Single channel recordings have been previously described37,44,82. Recordings were acquired in cell-attached mode and digitized every 5–10 µs using an Axopatch 200B amplifier with a 2 kHz low-pass filter, a Digidata 13,222 A and the software pClamp (Molecular Devices, USA). Electrode pipettes of 7–12 MΩ were used and were manually fire-polished in a microforge (Narishige, Japan). The recording solution contained (in mM): Na-Gluconate 20, 102 NaCl, 2 KCl, 2 CaCl2, 1 MgCl2, 10 HEPES, 20 TEA-Cl, 15 sucrose y 14 glucose, pH 7.4. Recordings were performed at room temperature (20–24 °C) using a holding potential of + 60mV. To assess the allosteric modulation, the pipette was filled with extracellular solution containing glycine (EC5 − 10) alone or together with AM-1488 (0.5 or 10 µM). Single-channel conductances were determined from the relationship γ = I/(Vm − Vrev), in which I is the current amplitude of single channel events, Vm is the membrane potential and Vrev the reversal potential.

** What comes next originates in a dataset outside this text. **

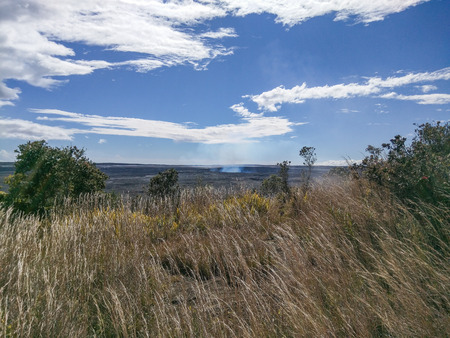 Steam vents between the caldera's edge and outer cliffs of K?lauea volcano.の写真素材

Molecular docking and bioinformatic procedures
Protein–ligand docking was performed using the structures of α1β, α2β, α3 GlyRs, and obtained from the Protein Data Bank (PDB ID: 7TU9, 7KUY, 5TIN, 5CFB)6,8,9,83. Before docking simulations, all protein structures were prepared using the Protein Preparation Workflow tool of the Maestro software (Schrödinger, LLC, NY, USA). This process included the addition of hydrogens, H-bond assignments optimization, the protonation states determination at pH 7 ± 0.2, and filling in missing side chains with Prime. Similarly, the AM-1488 structure was retrieved from the PubChem database (CID: 132547348) and prepared using LigPrep (Schrödinger, LLC, NY, USA) to generate ionization states at pH 7 ± 0.2 and possible conformations.

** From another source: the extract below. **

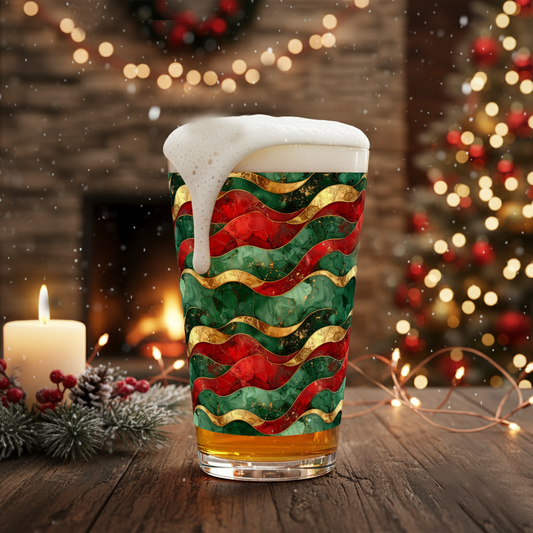 Royal Flux pint glass filled with beer and a wavy red, green, and gold pattern on a festive background with lights and candle.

Site-directed docking calculations were performed using Glide (Schrödinger, LLC, New York, NY, USA, 2020) with a grid centered on the orthosteric binding site of the α/α, and the α/α interfaces of the AM-1488 binding site, respectively. Predictions were made employing the extra-precision (XP) configuration with a post-docking minimization that included 10 poses per ligand, from which the best pose was selected to represent each protein–ligand complex. Analysis of the complexes encompassed the structural and energetic parameters were summarized in the docking score values. In silico mutagenesis was conducted using the Residue and Loop Mutation module from Maestro. After substituting the selected amino acid, refinement was performed through implicit solvent minimization, including all residues within 5 Å around the mutation.
Statistical analyses
All results are presented as mean ± SEM. Statistical analysis and graph plotting were performed with Origin (version 6.0 or 8.0). Values of p < 0.05, p < 0.01, and p < 0.001 were considered statistically different. Statistical comparisons were performed using paired or unpaired Student’s t-tests. Multiple comparisons were analyzed with ANOVA followed by a Bonferroni post hoc test.
Data availability
The data supporting the findings of this study are provided within the manuscript and its Supplementary Information. Raw data can be made available upon request by contacting the corresponding authors.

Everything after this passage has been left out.